Jul 22, 2005 15:30
well i havent written in this in forever but i dont think anyone is going to read this cause yeah..i just dont think anyones going to. So its the 22nd today..which means only 9 days until my birthday and...21 days until i leave. And nothing has yet changed. I dont know what im going to do about everything. I trying to settle everything before i leave. Everyday things seem to get harder and harder because i miss andy more every single day. I just want to have another day with him like we use to have. Just ..i remember just laying on his bed listening to music and...talking. just every memory i have with him replays over and over in my head. And its driving me crazy because i just..i feel like ive told him all i could but i know i havent. I just want to tell him every last feeling i have toward him. I dont know how im gunna live my life down their without him because hes so much to me and my life.well yesterday shavan was showing me these lyrics and..They kinda just got to me..they just seemed perfect. And its wierd that im putting these on.

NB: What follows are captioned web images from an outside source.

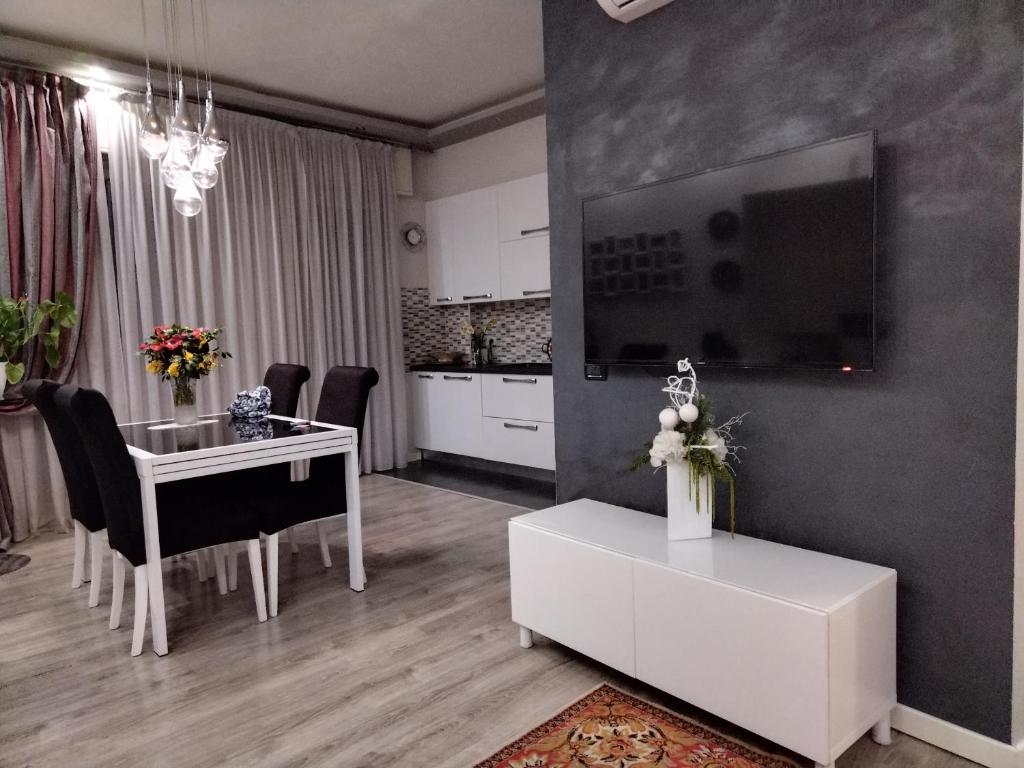 a living room with a white table and a kitchen at Appartamento Maggi in Brescia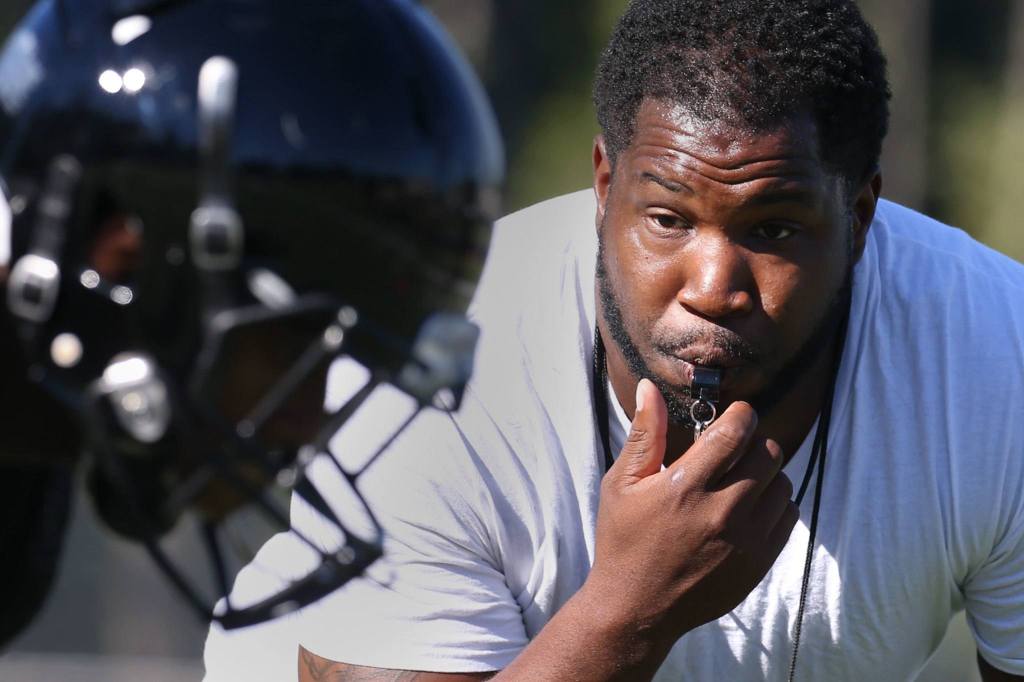 Lynnwood head coach Keauntea Bankhead blows his whistle during practice Wednesday afternoon at Lynnwood High School in Bothell. (Kevin Clark / The Herald)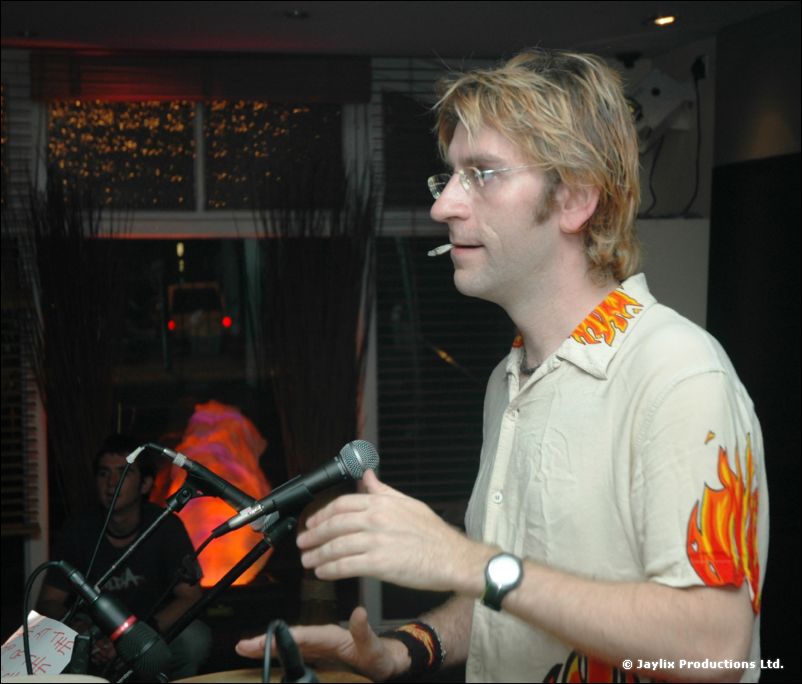 A man with glasses and a cigarette in his mouth talks into a microphone beside drums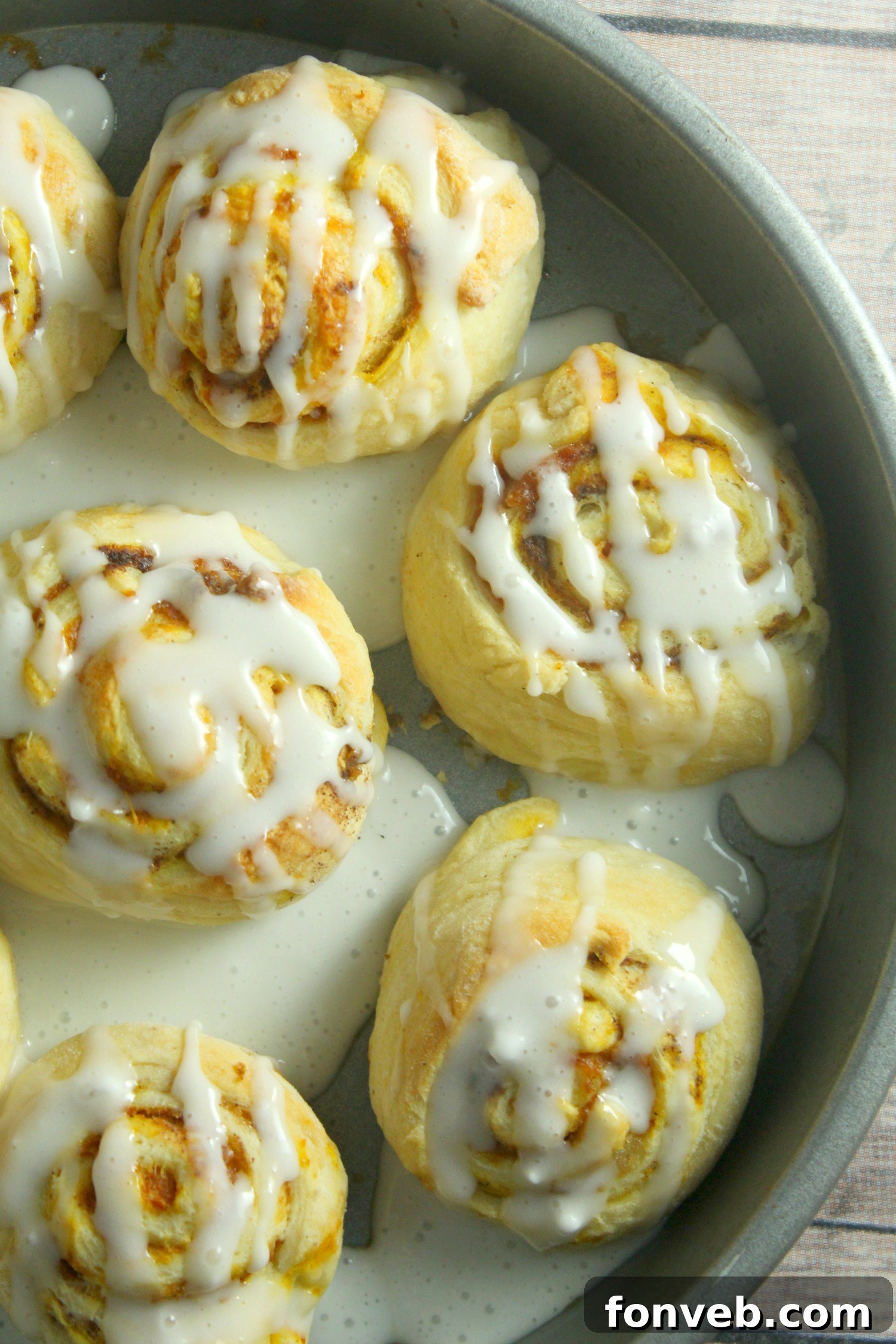 Multiple pumpkin cinnamon rolls with melted frosting, indicating they are served warm and fresh.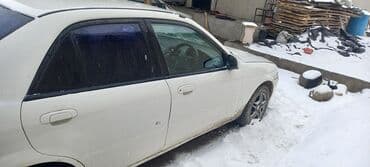 бонго мазда: Mazda Familia: 1999 г., 1.5 л, Автомат, Бензин, Седан — 4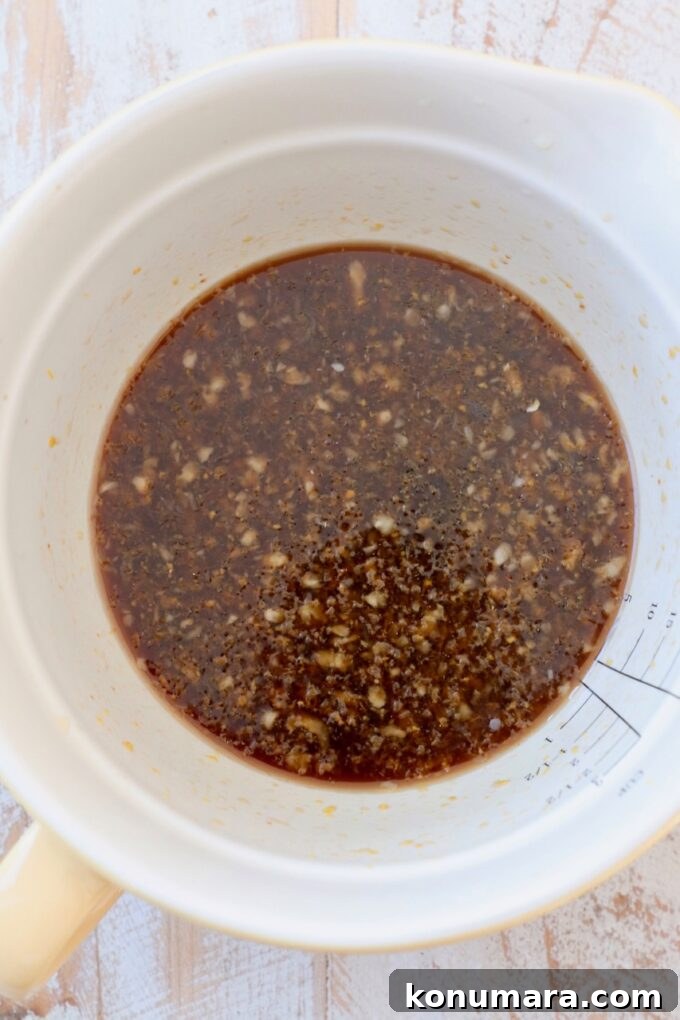 orange sauce in mixing bowl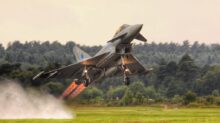 black jet plane on green grass field during daytime
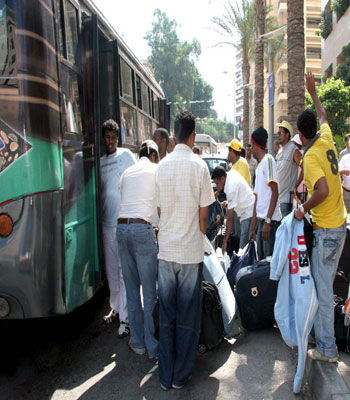 Saudi citizens board a bus from the Saudi embassy in Beirut, Lebanon (EPA)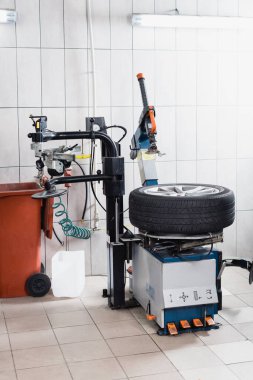 car wheel on tire replacement machine in workshop clipart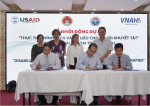 Figure 1: USAID / Vietnam Mission Director Aler Grubbs (standing, third from left), Chuong Tran, VNAH Board Members (far right) witnessed the project signing between representatives of VNAH (middle) and Bac Lieu government partners.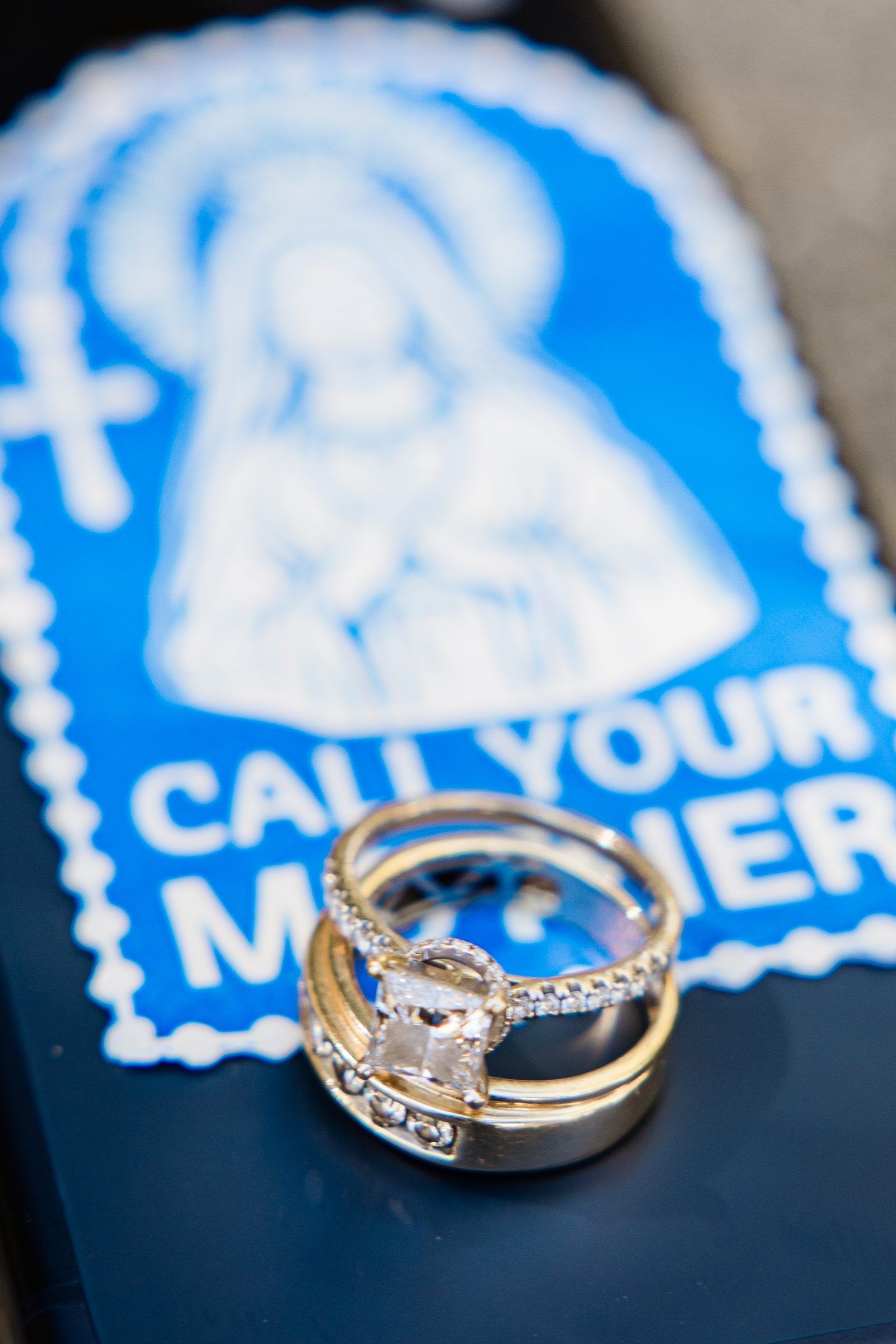 Engagement ring and wedding bands resting on an image of Our Lady reading Call Your Mother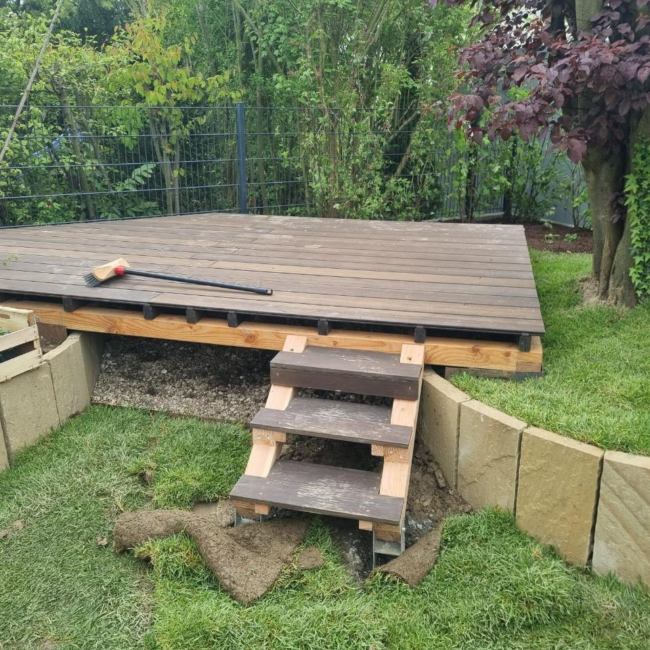 Kleine Holzstufen führen zu Terrasse hoch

" I didn't get around to kiss you
goodbye on the hand
I wish that i could see you again
I know that i cant.
The day you slipped away
Was the day i found it won't be the same no..
The day you slipped away
Was the day that i found it won't be the same oh.."
but yeah. just thought ide write in hear since it really has been forever. Alex is on her way to my house right now, so im gunna go. ill write back later. Much love!